Los fondos de inversion y los planes de pensiones.... NI TOCAR

Formacion + un buen Broker.

Ahora creo que hay materias primas que han tocado suelo. Yo con el petroleo he sacado jugosas rentabilidades. Ahora esta a 40 esperandome me hallo a ver que hacen los putos especuladores/controla mercados


----------



## Jake el perro (28 Mar 2016)

sepultada en guano dijo:


> Juas juas me parece a mí que no sabes mucho, ni de finanzas ni de la vida
> :XX:
> 
> a ver si te dura un mes como mucho, porque lo que es tener visión....



Como le gusta a la gente de este pais criticar sin saber y dar lecciones a los otros sin conocerlos.

Arrieros somos....


----------



## Galvani (28 Mar 2016)

gonzalor dijo:


> El 90% de los nuevos negocios fracasa, especialmente si "sólo" tienes 50.000 € para aguantar los palos iniciales. Y como bien dice el amigo Jake, si te ha costado sangre, sudor y lágrimas ahorrarlos y tienes una familia detrás, pues te conformas con tenerlos de reserva y que nadie te los "expropie". Luego está la cuestión de encontrar una buena idea de negocio (aparte de un bar o una tienda, que es lo clásico) y saber del tema, porque si vas de pardillo tienes el fracaso asegurado. Para ser empresario hace falta algo más que un capital.
> La opción tradicional, si no puedes, no sabes o no te atreves a montar un negocio, es participar en empresas que están funcionando desde hace años: estudias un poco de análisis fundamental y compras acciones de Iberdrola, McDonalds, Cocacola, Inditex, Abertis, AT&T... y si quieres mayor riesgo a cambio de la posibilidad de meter un pelotazo,pues pones *una parte* del dinero en algún chicharro con posibilidades de éxito.
> El secreto es diversificar: depósitos, acciones (también diversificando), algún fondo, metales... pero si el panorama no está claro y los mercados te parecen sobrevalorados, pues te quedas con el dinero en el banco, que a veces, aunque sólo te dé un miserable 1%, es lo más rentable.

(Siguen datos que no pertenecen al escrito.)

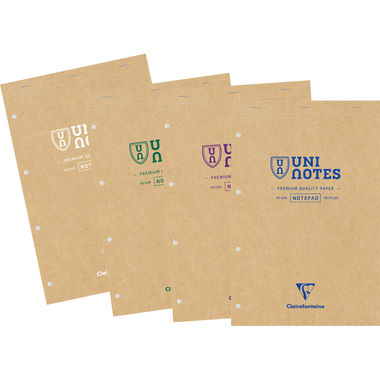 CLAIREFONTAINE Notizblock Uni Notes A4+ 9873C braun, kariert 70 Blatt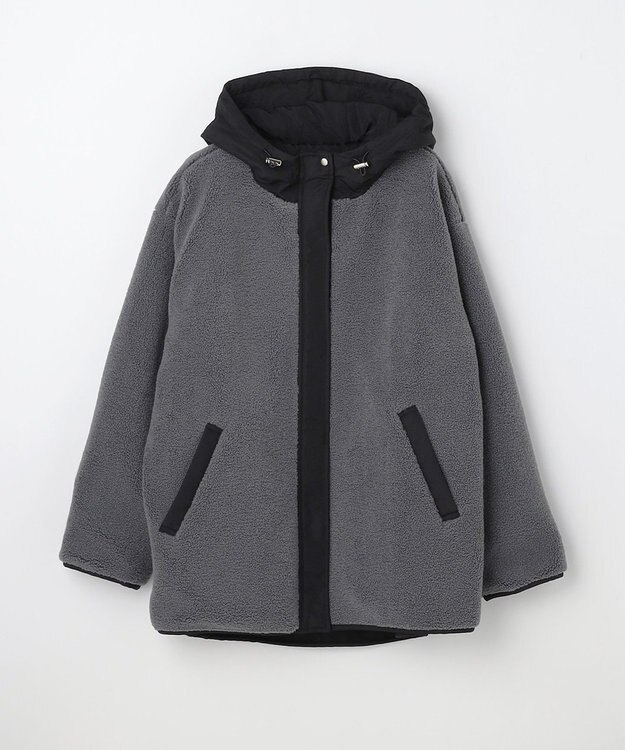 ANY 【LEE掲載】ボアコート チャコール×ブラック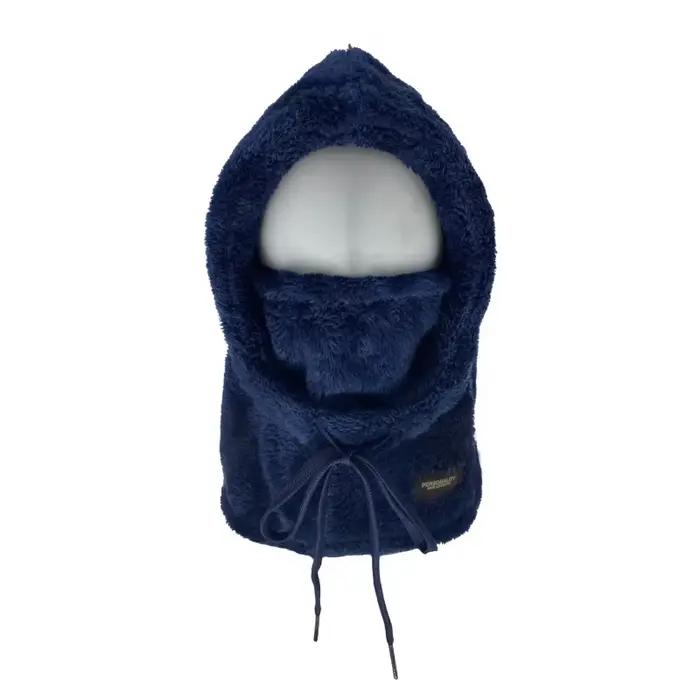 Masque de cou une pièce en velours d'hiver et casquette de pull épaisse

¿Fundamental? ¿Por que fundamental y no técnico? ¿Qué libros hay sobre fundamental? Entiendo que esto es para largo plazo (tienes que aguantar vaivenes) en cuyo caso de esos 50000 no tendría que representar nada para ti unas pérdidas de 20000 euros o más en una mala racha.


----------



## Gonzalor (29 Mar 2016)

Galvani dijo:


> ¿Fundamental? ¿Por que fundamental y no técnico? ¿Qué libros hay sobre fundamental? Entiendo que esto es para largo plazo (tienes que aguantar vaivenes) en cuyo caso de esos 50000 no tendría que representar nada para ti unas pérdidas de 20000 euros o más en una mala racha.



El análisis fundamental se usa para seleccionar buenas empresas, sólidas y estables, hay muchos libros sobre el tema, a mí me gustó uno muy básico que se llama "Cómo invertir en Bolsa a largo plazo partiendo de cero" de Gregorio Hernández. El análisis técnico también es importante porque sirve para afinar en los precios de compra e intentar pillar suelos. A mí me gusta la inversión a largo plazo y el fundamental, quizá porque hace años estudié contabilidad y análisis de balances. El técnico me estresa y, como no lo domino, prefiero consultar en foros y webs especializadas los análisis de las acciones que me interesan.
De todos modos, tal como está la economía actual y reconociéndome un perfil muy conservador, prefiero tener poca exposición a renta variable y ninguna a renta fija.


----------



## sepultada en guano (30 Mar 2016)

gonzalor dijo:


> Cosas de ricos...
> A los pobres no nos queda otra que confiar en los seguros.



Mala opción.
Cosa de pobres sin alternativa para dejar de serlo...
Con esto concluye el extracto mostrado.